> WHAT THE EXERCISE ASKS
The part below that opens with the line containing "Interactive School Bus" and closes with the line containing "Pijama Hombre Eyelit" should be copied exactly, minus any pictures.

> DATASET RECORDS
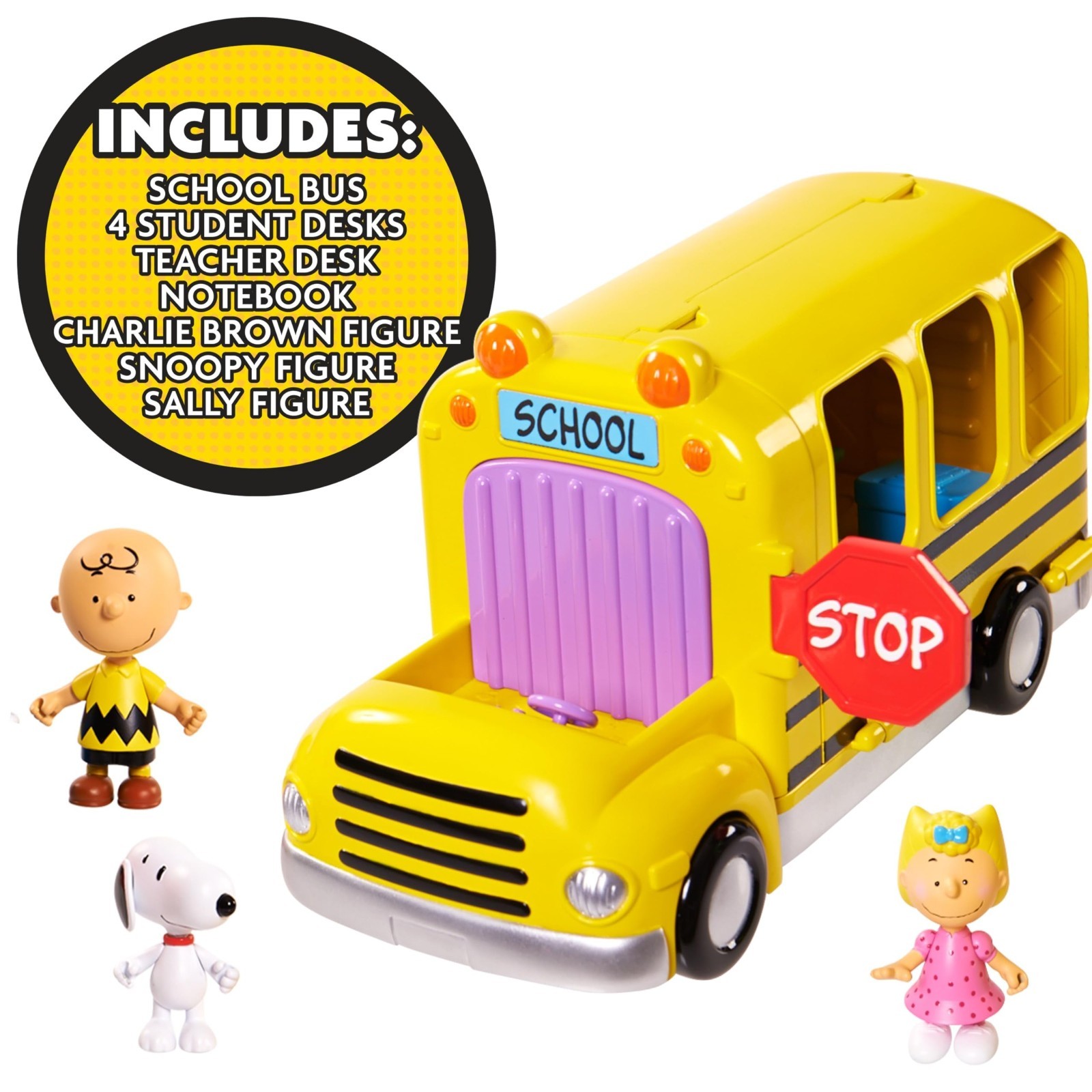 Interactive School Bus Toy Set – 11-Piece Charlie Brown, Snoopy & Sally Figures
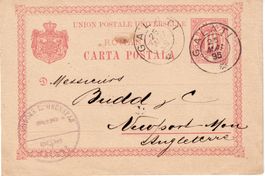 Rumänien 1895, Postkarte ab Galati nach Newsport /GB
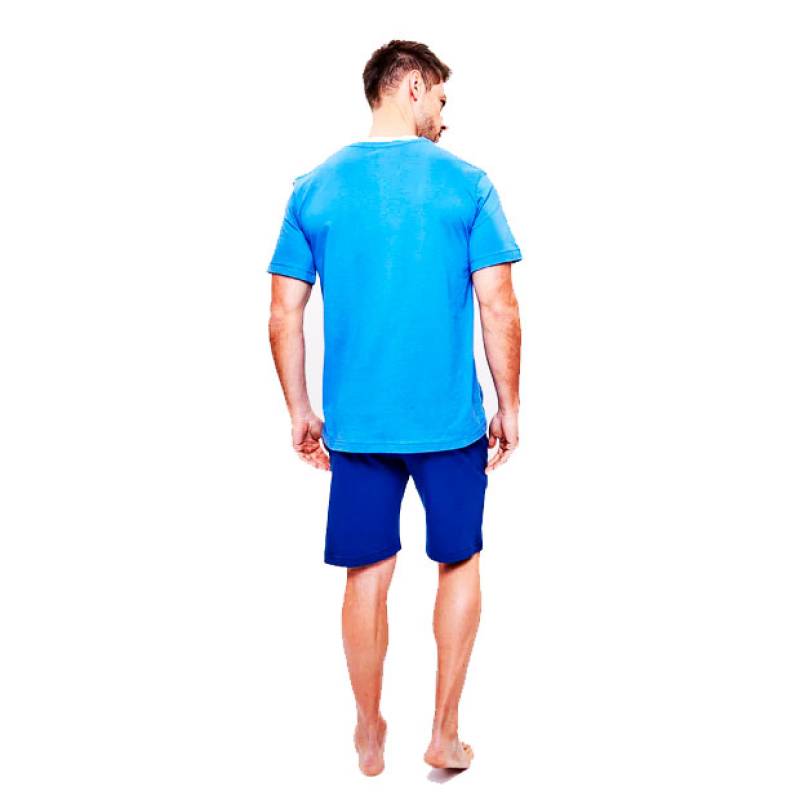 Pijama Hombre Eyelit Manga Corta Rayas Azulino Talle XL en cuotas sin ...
...
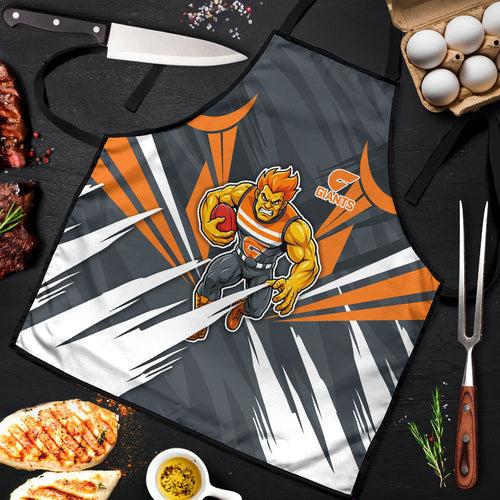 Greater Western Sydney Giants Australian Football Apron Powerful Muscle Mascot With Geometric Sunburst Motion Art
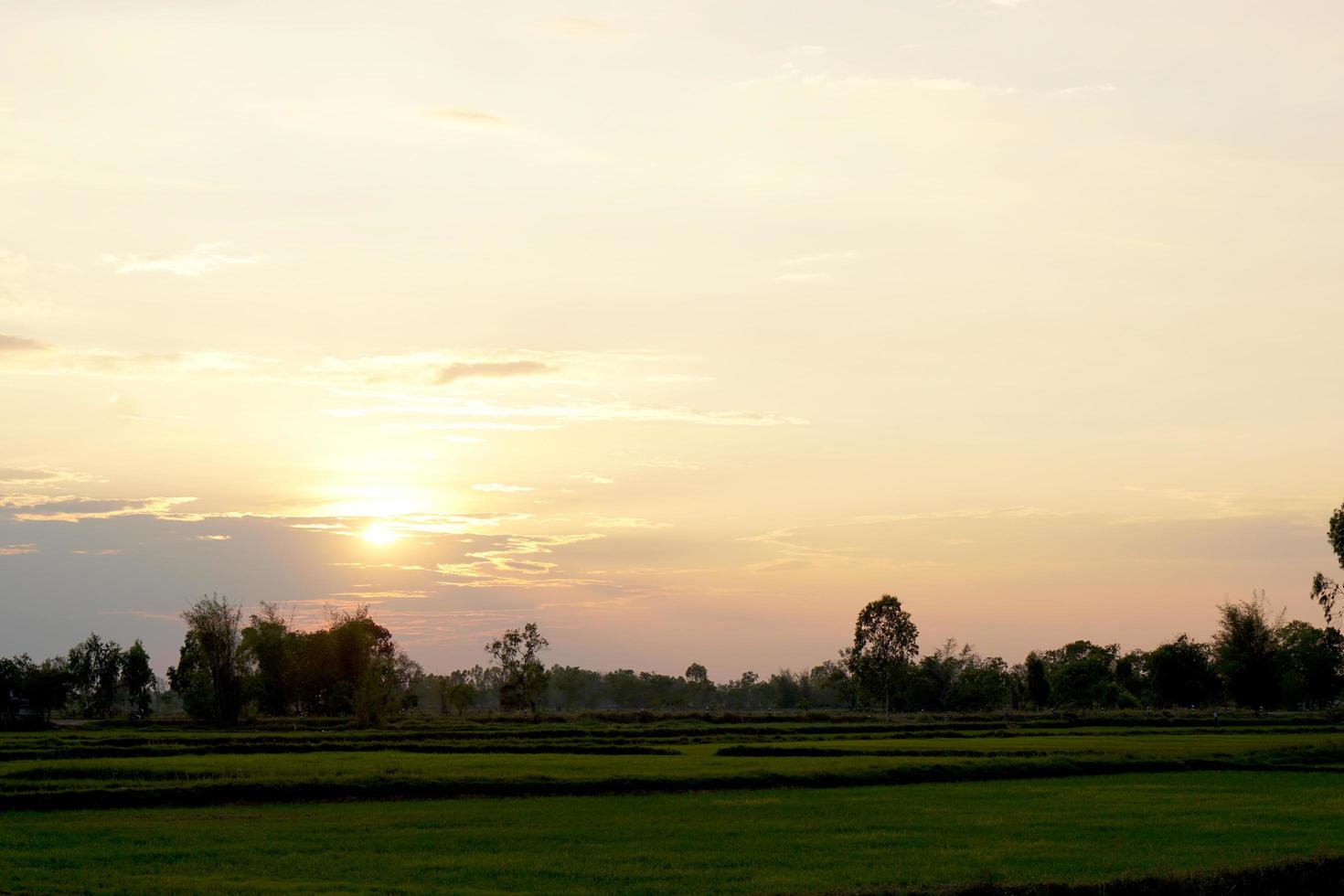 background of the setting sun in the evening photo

> ANSWER TO THIS TASK
 Interactive School Bus Toy Set – 11-Piece Charlie Brown, Snoopy & Sally Figures
 Rumänien 1895, Postkarte ab Galati nach Newsport /GB
 Pijama Hombre Eyelit Manga Corta Rayas Azulino Talle XL en cuotas sin ...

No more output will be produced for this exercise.